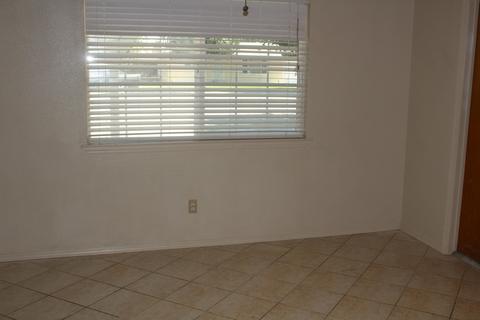363 S Newman Rd, Tipton, CA 93272 photo 6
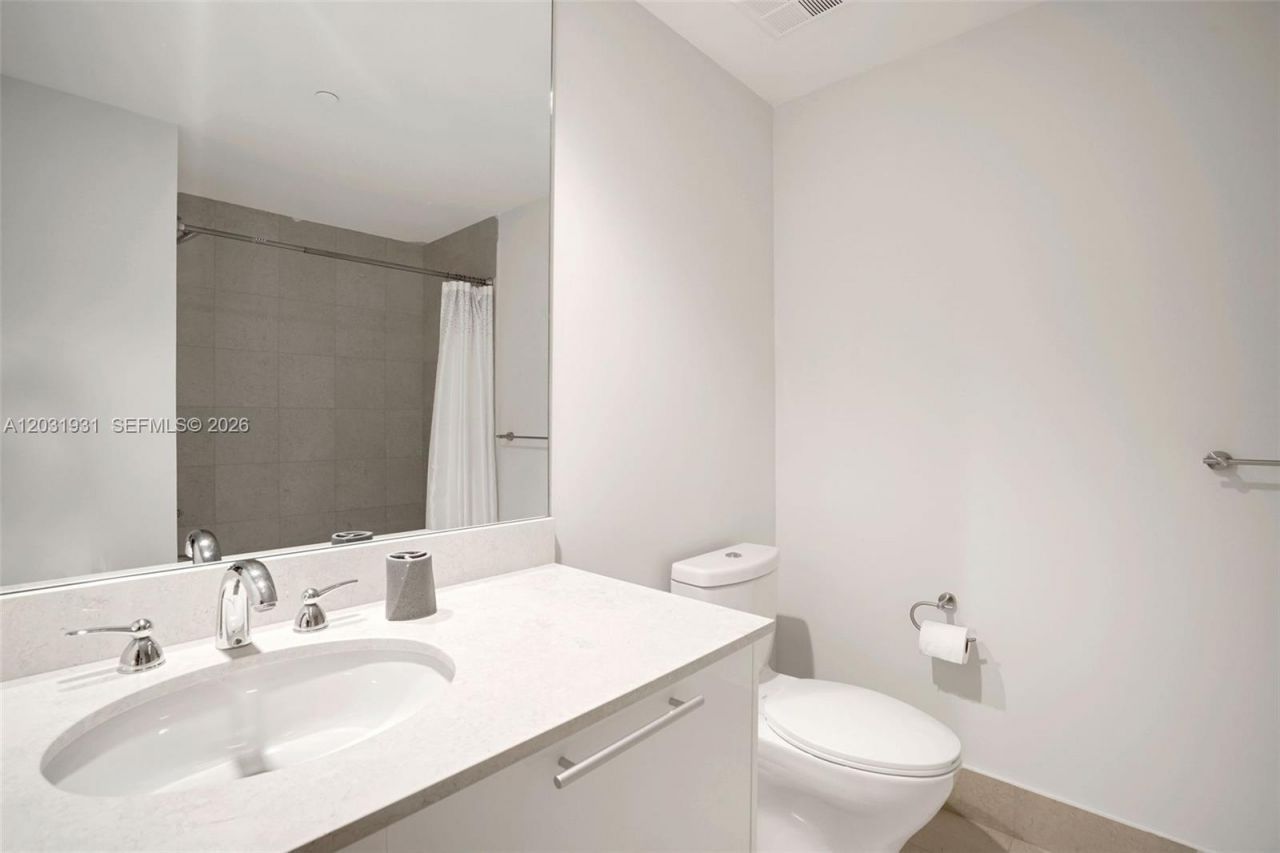2711 S Ocean Dr , Unit 2803, Hollywood, FL 33019 Photo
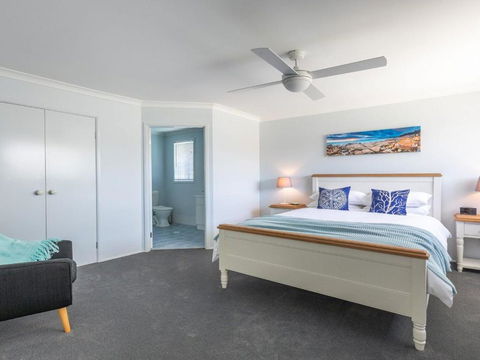 Azure Waters Perfectly Positioned With Ocean Views - Great Ocean Road Tourism 6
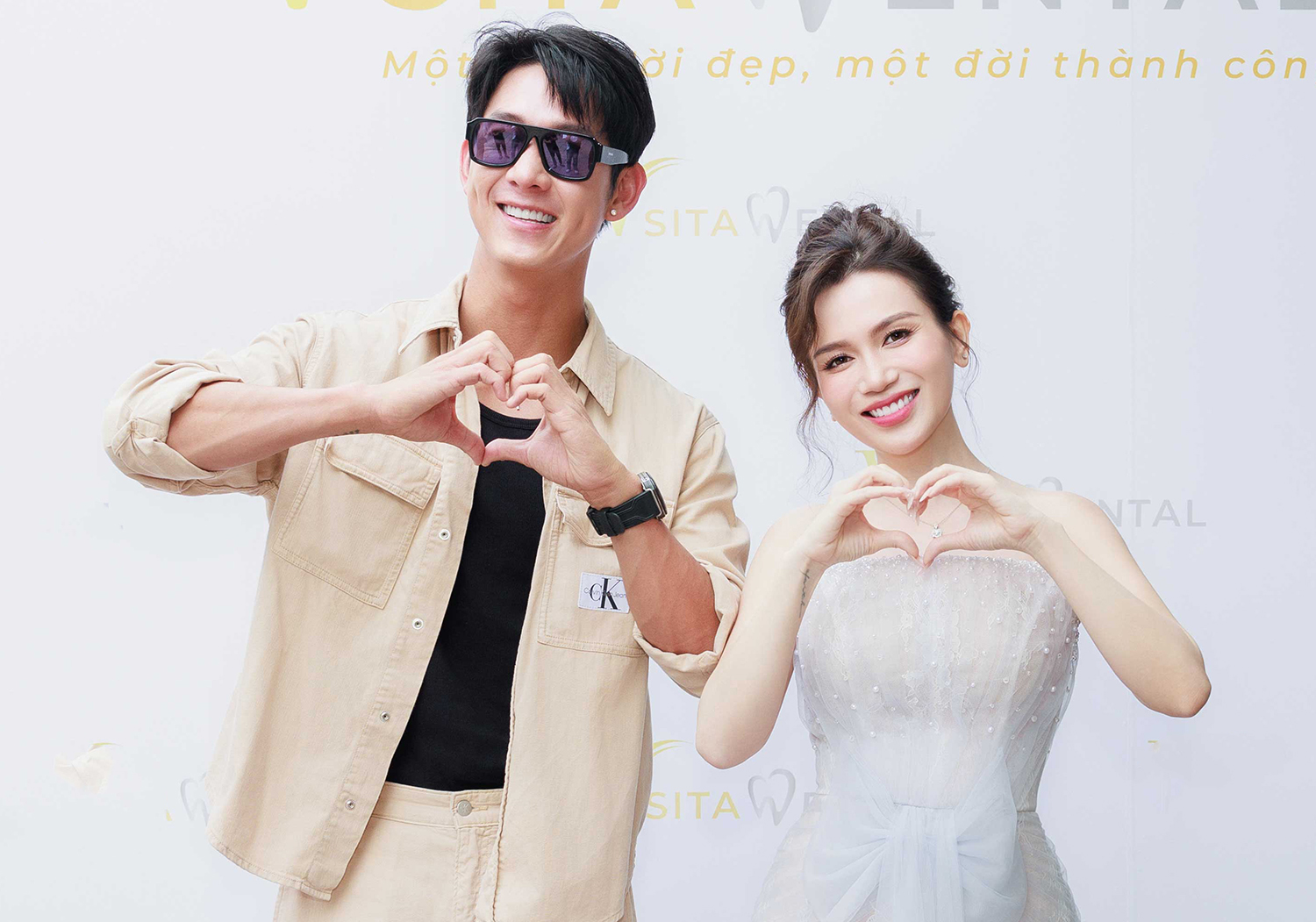 Midu thu hút với vẻ ngoài thanh lịch trong sự kiện của Sĩ Thanh - Ảnh 6. Midu thu hút với vẻ ngoài thanh lịch trong sự kiện của Sĩ Thanh - Ảnh 6.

TASK STATEMENT:
Only the lines from the one with "Azure Waters Perfectly" through the end of the data, both ends included, should be written out exactly, and no pictures should appear.

COMPLETED EXERCISE:
 Azure Waters Perfectly Positioned With Ocean Views - Great Ocean Road Tourism 6
 Midu thu hút với vẻ ngoài thanh lịch trong sự kiện của Sĩ Thanh - Ảnh 6. Midu thu hút với vẻ ngoài thanh lịch trong sự kiện của Sĩ Thanh - Ảnh 6.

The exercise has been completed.